## Supplied data
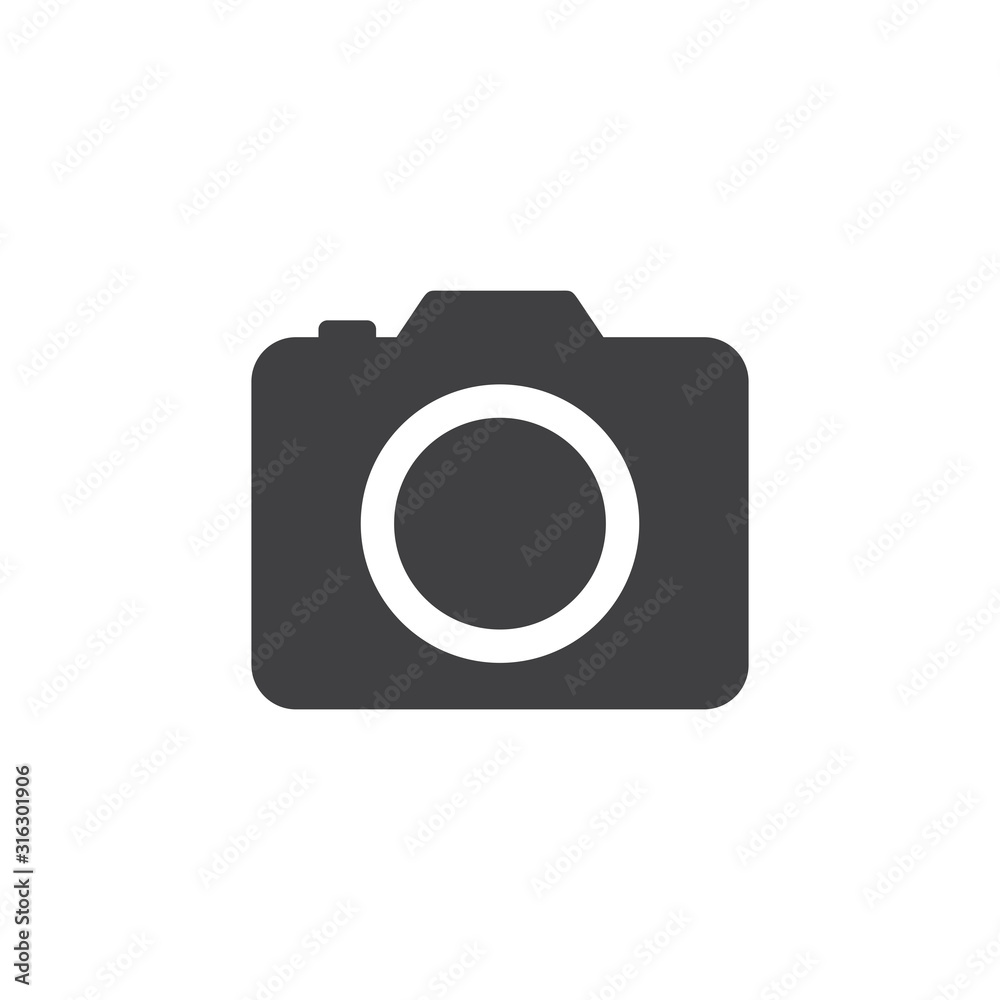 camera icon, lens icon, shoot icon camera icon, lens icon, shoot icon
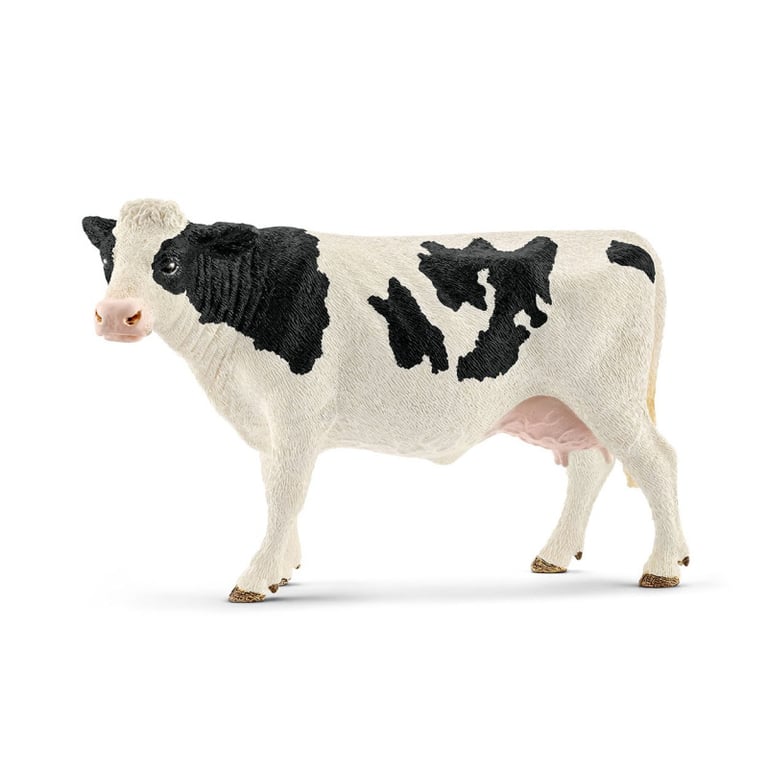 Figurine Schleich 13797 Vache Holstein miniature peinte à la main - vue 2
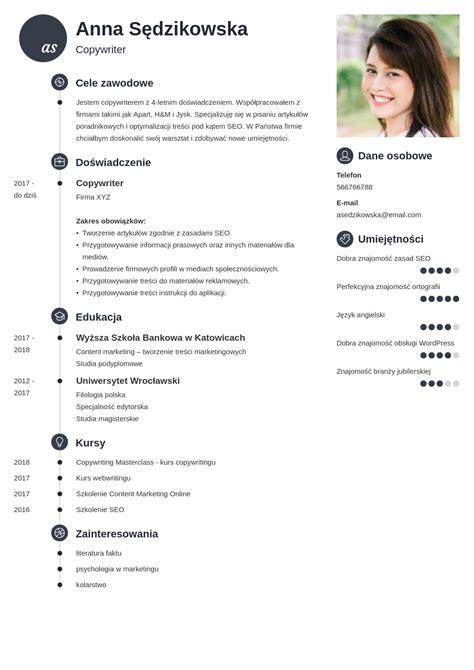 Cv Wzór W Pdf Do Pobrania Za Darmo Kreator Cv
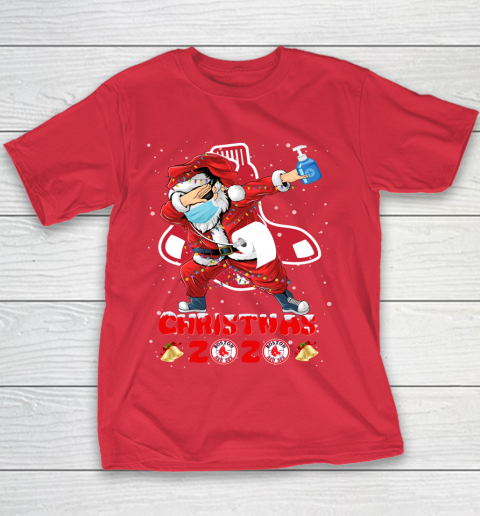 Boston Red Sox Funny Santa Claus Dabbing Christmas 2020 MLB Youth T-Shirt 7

## Problem to work on
Transcribe every line from the one containing "Figurine Schleich 13797" to the end of the listing, exactly and exclusively. Do not carry any picture over.

## Solution for this exercise
 Figurine Schleich 13797 Vache Holstein miniature peinte à la main - vue 2
 Cv Wzór W Pdf Do Pobrania Za Darmo Kreator Cv
 Boston Red Sox Funny Santa Claus Dabbing Christmas 2020 MLB Youth T-Shirt 7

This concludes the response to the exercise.